Christians now represent 88 percent of the current Congress, according to Pew Research, a 3 percent drop from the 91 percent of the 115th Congress who identified as Christian. Anglicans/Episcopalians saw the greatest losses, dropping from 44 to 35 members. Catholics lost five seats. Mormons lost three. Christian Scientists lost one seat, meaning there are no longer any Christian Scientists in Congress.
At the same time, there are now more nondenominational or Christians of unspecified affiliation in Congress. On the whole, Congress members identifying with evangelical or unspecified nondenominational churches gained 18 seats, bringing their representation up to 80 seats.
Many minority religious groups also made gains. There are four more Jewish members, one more Muslim, and one more Unitarian Universalist. Two of the three Muslim members are Reps. Rashida Tlaib and Ilhan Omar, the first two Muslim women ever to serve in the House of Representatives.

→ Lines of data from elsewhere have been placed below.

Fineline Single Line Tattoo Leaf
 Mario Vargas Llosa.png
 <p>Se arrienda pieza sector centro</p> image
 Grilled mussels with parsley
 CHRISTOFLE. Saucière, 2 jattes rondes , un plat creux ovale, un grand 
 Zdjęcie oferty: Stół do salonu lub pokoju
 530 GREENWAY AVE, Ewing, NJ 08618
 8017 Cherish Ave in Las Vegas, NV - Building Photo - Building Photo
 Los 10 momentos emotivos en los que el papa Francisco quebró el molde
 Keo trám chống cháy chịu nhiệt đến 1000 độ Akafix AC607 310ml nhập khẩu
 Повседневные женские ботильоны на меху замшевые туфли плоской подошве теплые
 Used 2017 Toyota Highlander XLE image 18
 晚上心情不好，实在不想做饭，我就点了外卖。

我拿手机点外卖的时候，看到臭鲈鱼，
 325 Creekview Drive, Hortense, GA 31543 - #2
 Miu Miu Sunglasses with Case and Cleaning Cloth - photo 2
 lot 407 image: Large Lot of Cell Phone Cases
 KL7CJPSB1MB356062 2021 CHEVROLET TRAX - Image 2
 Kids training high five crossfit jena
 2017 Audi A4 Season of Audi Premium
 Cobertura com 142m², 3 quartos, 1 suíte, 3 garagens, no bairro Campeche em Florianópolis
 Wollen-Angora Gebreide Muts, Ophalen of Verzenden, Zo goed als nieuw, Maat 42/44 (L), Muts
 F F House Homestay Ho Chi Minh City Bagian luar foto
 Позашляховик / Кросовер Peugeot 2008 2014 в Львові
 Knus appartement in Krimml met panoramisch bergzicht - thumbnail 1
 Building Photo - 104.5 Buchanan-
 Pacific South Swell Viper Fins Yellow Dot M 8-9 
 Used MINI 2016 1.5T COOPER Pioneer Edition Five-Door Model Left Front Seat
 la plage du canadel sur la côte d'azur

A growing number of members decline to specify their religious affiliation (or lack thereof), rising from 2 percent to 3 percent. All 18 members of this group are Democrats. In contrast, 253 of the 255 Republicans identify as Christians. The other two, Reps. Lee Zeldin, (N.Y.) and David Kustoff (Tenn.), are Jewish.
Religious representation in Congress varies greatly from that of the United States population at large. Mainline Protestant groups such as Methodists, Anglicans/Episcopalians, Presbyterians and Lutherans represent numbers in Congress disproportionate to the numbers of those congregations in the general U.S. population. Meanwhile, although Pentecostals make up 5 percent of the U.S. public, only 0.4 percent of Congress is Pentecostal.
The biggest difference, however, falls on those who identify as atheist or claim no affiliation with a religious group. In the general population, 23 percent of people say they are atheist, agnostic or "nothing in particular." But in Congress, only the recently elected Democratic Sen. Kyrsten Sinema (Ariz.) claims no religious affiliation—representing just 0.2 percent.